Atul Ltd | Annual Report 2017-18
i) Risk identification and definition – Focused on
identifying relevant risks, creating | updating clear
definitions to ensure undisputed understanding
along with details of the underlying root causes |
contributing factors.
ii) Risk classification – Focused on understanding the
various impacts of risks and the level of influence
on its root causes. This involves identifying
various processes generating the root causes and
a clear understanding of risk interrelationships.
iii) Risk assessment and prioritisation – Focused
on determining risk priority and risk ownership
for critical risks. This involves assessment of the
various impacts taking into consideration risk
appetite and the existing mitigation controls.
iv) Risk mitigation – Focused on addressing critical
risks to restrict their impact(s) to an acceptable
level (within the defined risk appetite).
This involves a clear definition of actions,
responsibilities and milestones.
v) Risk reporting and monitoring – Focused on
providing to the Board and the Audit Committee
periodic information on risk profile evolution and
mitigation plans.
Roles and responsibilities
Governance
The Board has approved the Risk Management
Policy of the Company.

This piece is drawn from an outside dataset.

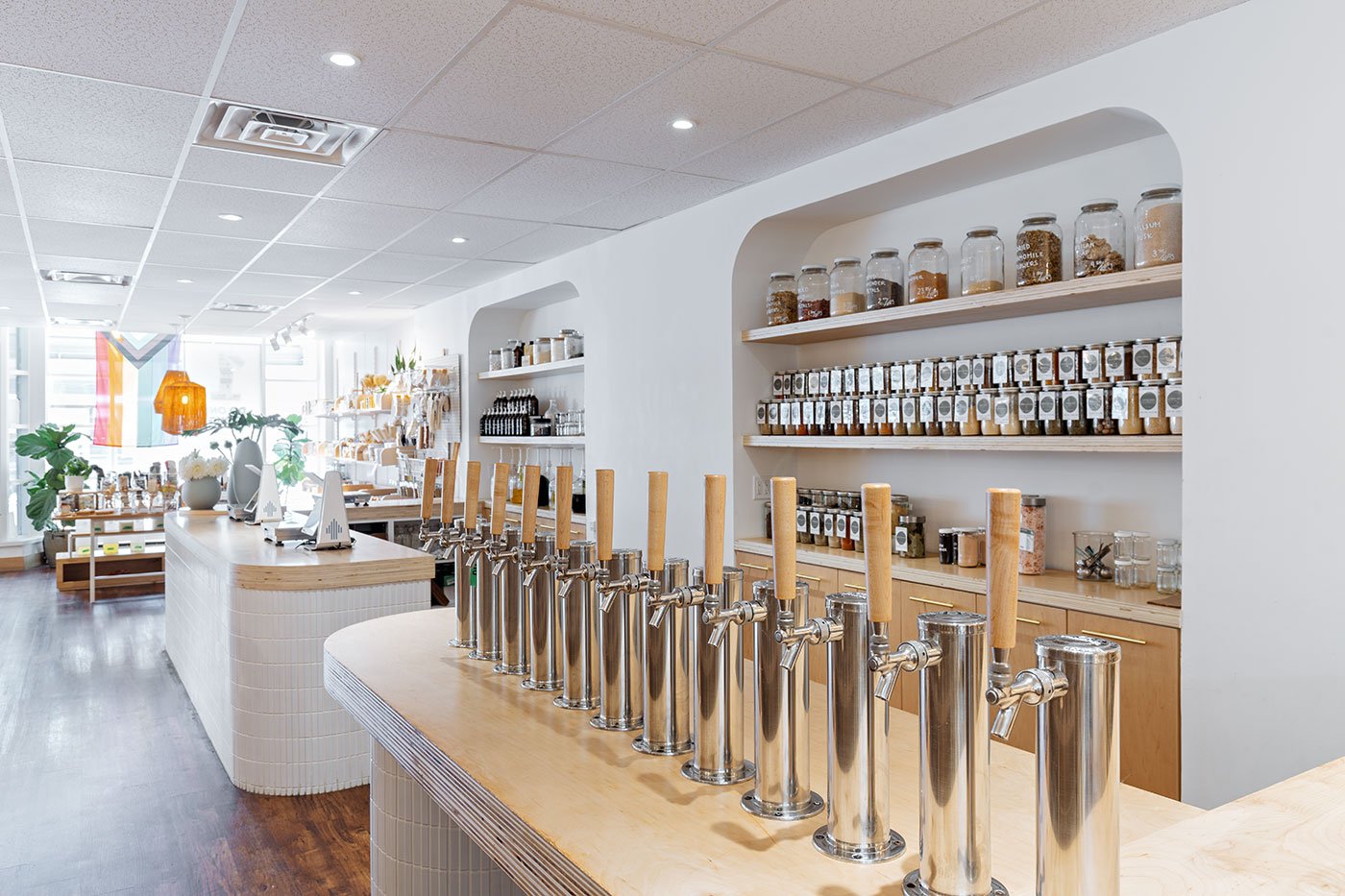 Bare Market Interiors in Toronto 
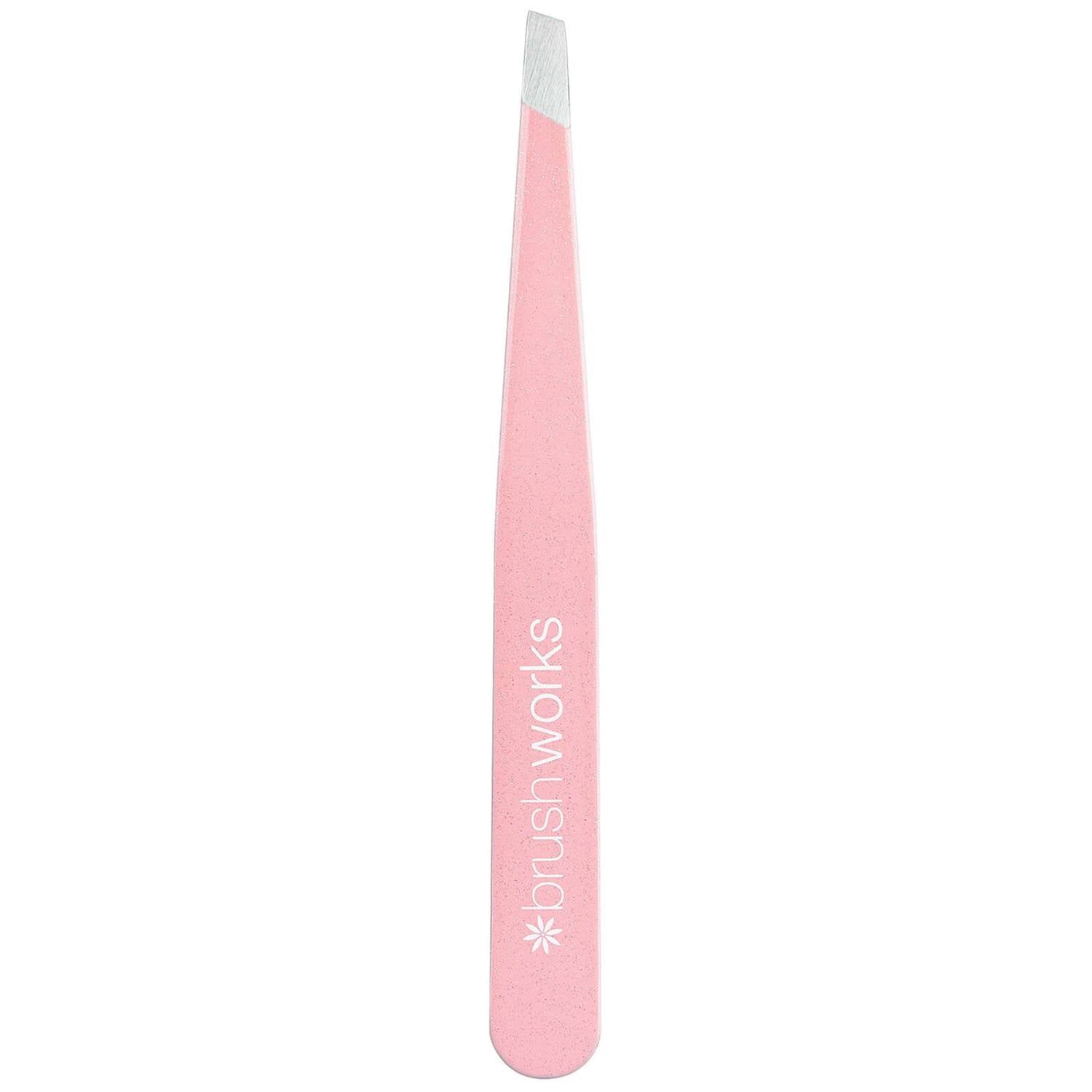 brushworks Precision Slanted Tweezers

The Company has laid down
procedures to inform the Board on i) to iv) above.
The Audit Committee periodically reviews the Risk
Management System and gives its recommendations,
if any, to the Board. The Board reviews and guides
the Risk Management Policy.
Implementation
Implementation of the Risk Management Policy is
the responsibility of the Management. It ensures
functioning of the Risk Management System as per the
guidance of the Audit Committee. The Company has
Risk Management Oversight Structure in which each
Sub-segment has a Chief Risk and Compliance Officer.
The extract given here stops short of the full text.